== Data for processing

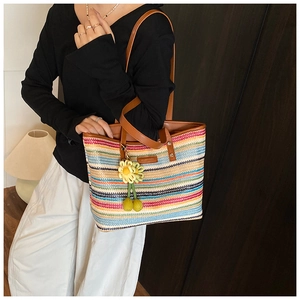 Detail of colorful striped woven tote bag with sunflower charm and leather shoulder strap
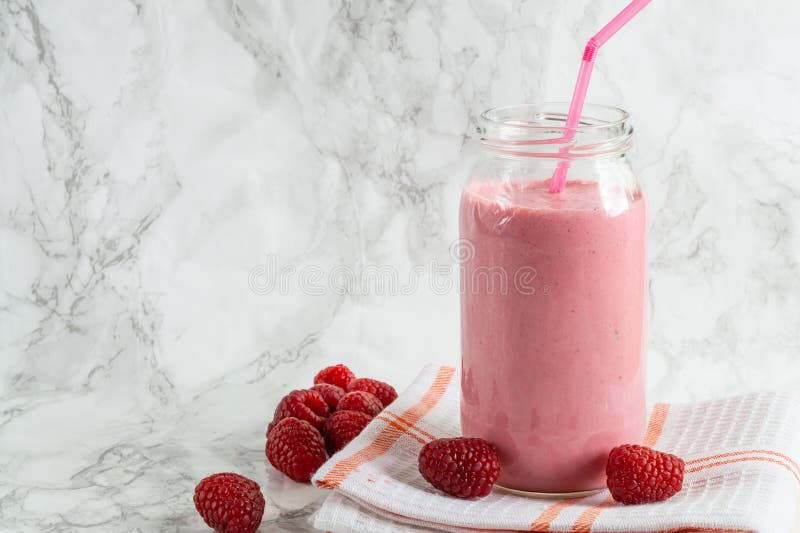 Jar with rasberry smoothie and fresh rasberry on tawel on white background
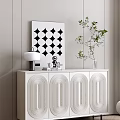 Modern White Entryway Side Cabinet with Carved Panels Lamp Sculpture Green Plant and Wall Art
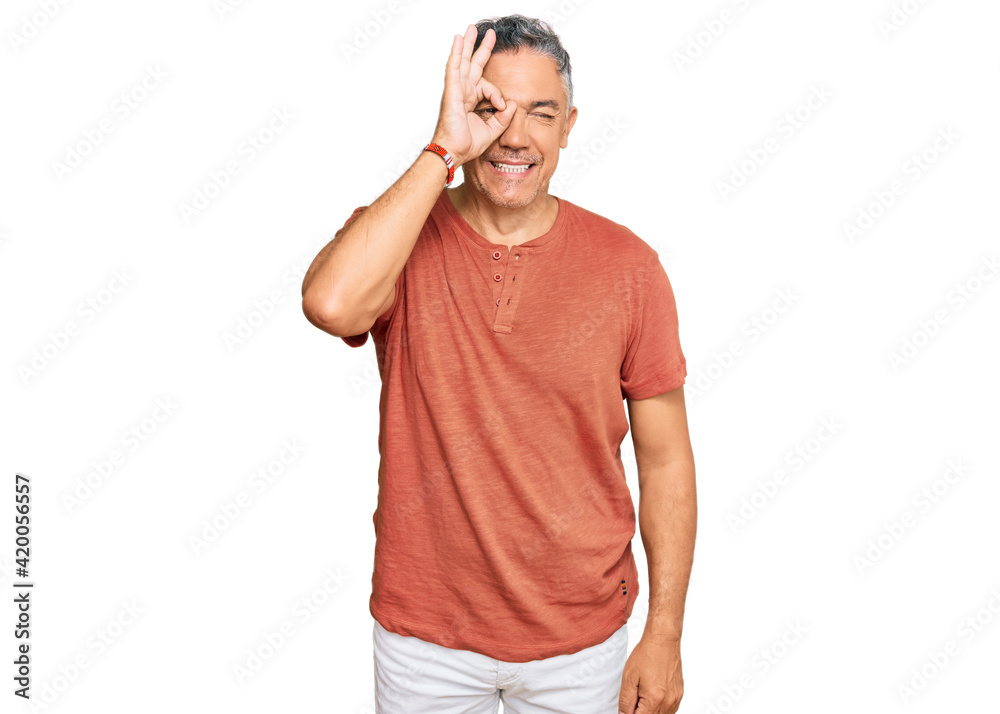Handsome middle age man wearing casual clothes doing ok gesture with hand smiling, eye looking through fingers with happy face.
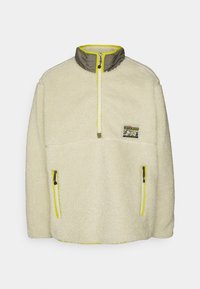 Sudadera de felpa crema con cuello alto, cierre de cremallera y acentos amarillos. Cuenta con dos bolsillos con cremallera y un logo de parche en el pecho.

====
== Data for processing

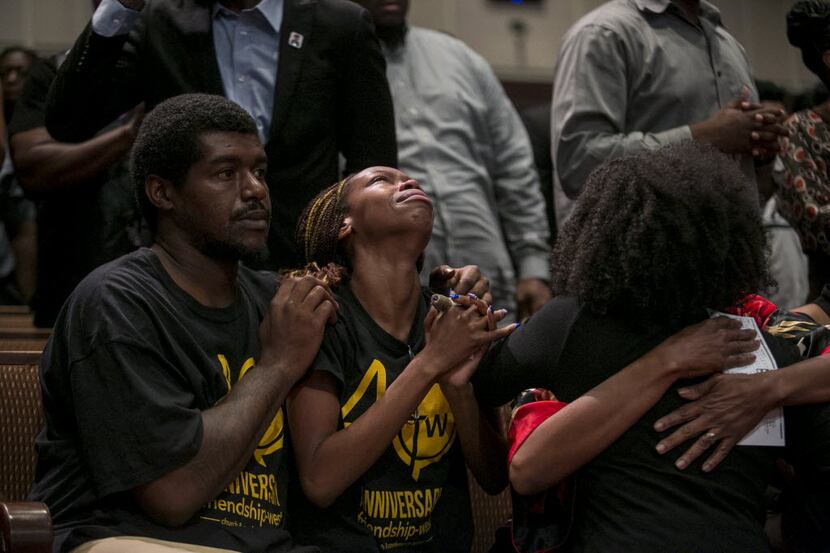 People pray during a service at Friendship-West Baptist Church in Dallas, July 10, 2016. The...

====
== Data for processing

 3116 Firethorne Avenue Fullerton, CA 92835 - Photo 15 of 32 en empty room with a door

====

Among the entries above, copy exactly the stretch from the line holding "Detail of colorful" through the line holding "Sudadera de felpa", leaving out any pictures.

 Detail of colorful striped woven tote bag with sunflower charm and leather shoulder strap
 Jar with rasberry smoothie and fresh rasberry on tawel on white background
 Modern White Entryway Side Cabinet with Carved Panels Lamp Sculpture Green Plant and Wall Art
Handsome middle age man wearing casual clothes doing ok gesture with hand smiling, eye looking through fingers with happy face.
 Sudadera de felpa crema con cuello alto, cierre de cremallera y acentos amarillos. Cuenta con dos bolsillos con cremallera y un logo de parche en el pecho.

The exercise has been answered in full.